What made me ask you initially about your choice is not the reward part, but actually the risk you took. And since you are well respected member here, others can follow and take the same risk without recognizing that they can get at least the same reward (provided the stock goes in the projected direction) with significantly less risk.
To repeat: Your argument is built on two things that I do not accept as premises. One, that delta, which is based on sigma, which is based on market activity (aka, consensus view), should be trusted uncritically - regardless of whether one does not agree with the market consensus on likely stock movement (something that applies to most people here). And two, that there exists a such thing as an "obviously better call", despite the existence of automated trading systems, which if true could just purchase said "obviously better calls" on options and write the "obviously worse calls".

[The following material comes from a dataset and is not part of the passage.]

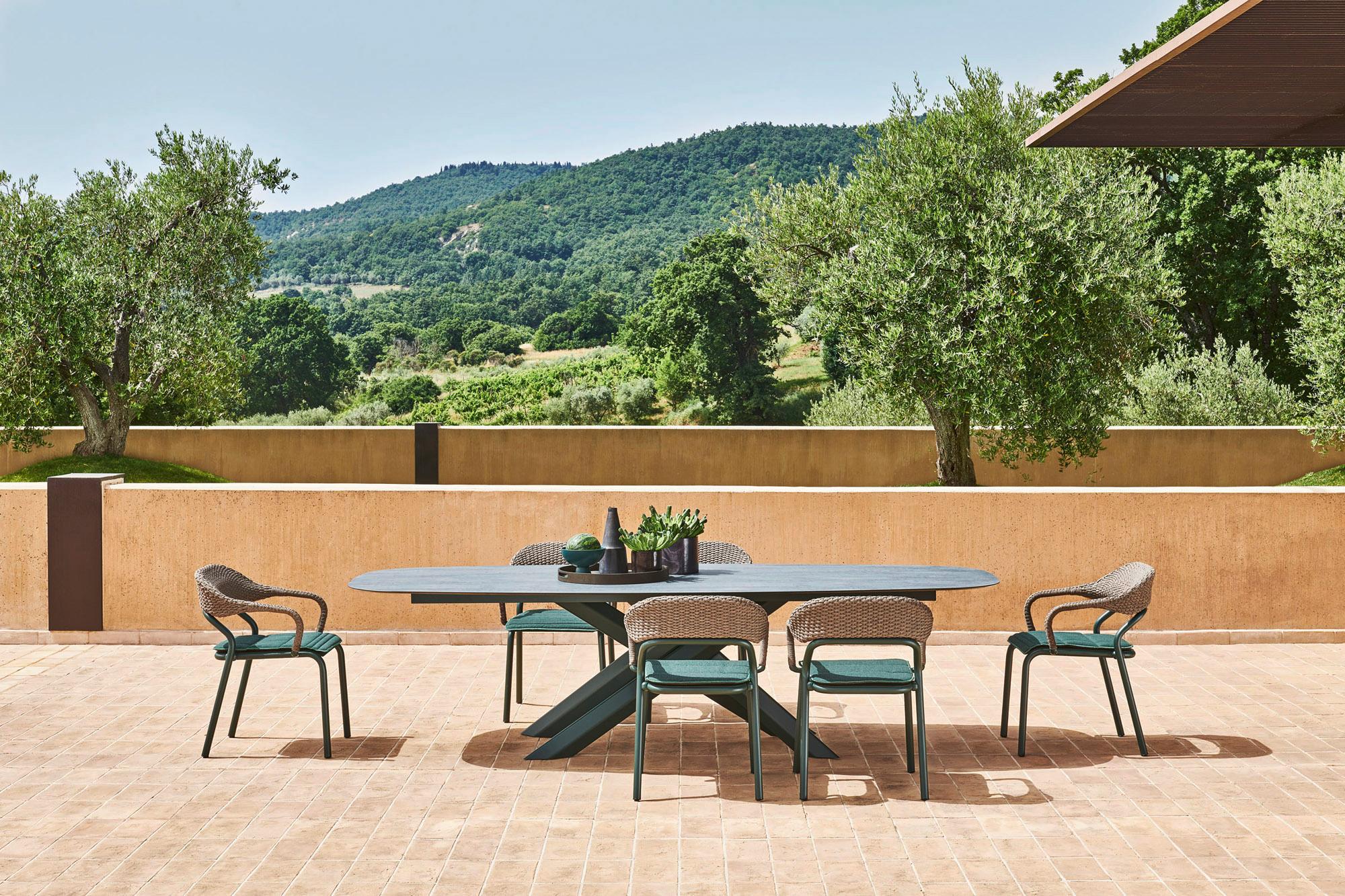 The System Star tables is designed for social gatherings. The large tabletop is supported by elliptical base, featuring legs that intertwine in a star-like pattern, a signature motif of the System Star collection. These tables are ideal for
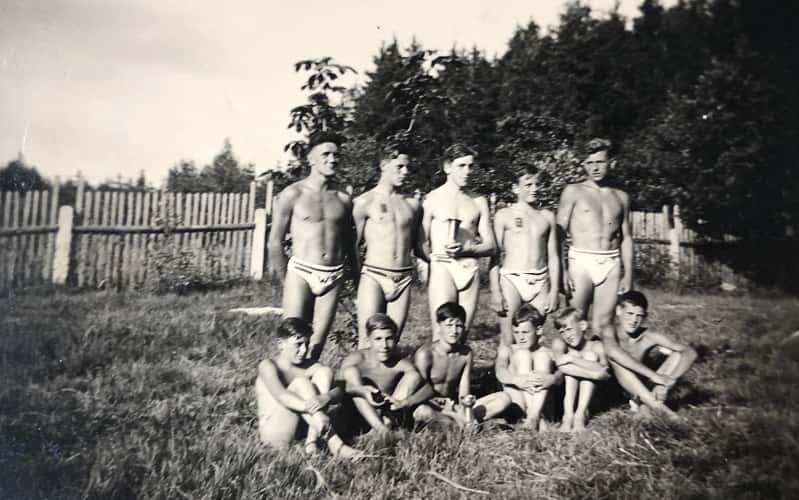 1936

If you have an issue with this, you should explain why:
1) You think we should trust sigma (and thus delta) despite not trusting the market consensus on likely stock movement
2) How "obviously better calls" and "obviously worse calls" would be expected to persist without automated trading systems exploiting them.
Delta is entirely unnecessary when one feels they have a good grasp on
specific likely market movement driven by
specific market news that will occur at a
specific known timepoint, but lower confidence outside that range. In such a case, options that expire shortly after said news have little time value; only (modeled) inherent value matters. Yes, longer-term options will also be affected by this news, but they also have time value affected by a sigma value for which one has low confidence. Why should I invest in variables that I have low confidence in?
In case you're curious, I actually expect volatility to drop after Q4. Not disappear, but be lower than Q4, and a lot lower than Q3 (back in Q2-Q3 I predicted lower volatility in Q4 than Q3, and it certainly looks like we're headed that way). The reasoning is simple: Tesla has been incredibly volatile due to two competing theses, whose adherents have been equally passionate about: the bullish thesis, which requires no repeating, and the bears' "Tesla is incinerating cash and is going to need to have an imminent capital raise (if they even can!) before being flooded by Tesla killers in the market place" thesis. Q3 being profitable was a serious blow to the latter. Two profitable quarters in a row will render it as fringe. People will still dispute the proper valuation and how the market will evolve, and there will continue to be both bulls and bears, but the polarization in the mainstream will not focus around such radically differing views ("Off to the moon!" vs. "Imminent bankruptcy").
If volatility is lower over 2019 than is currently assumed, then that lowers delta for long-term options. Which makes long-term options a worse investment.
But to reiterate: see the paragraph beginning with "Delta is entirely unecessary when...".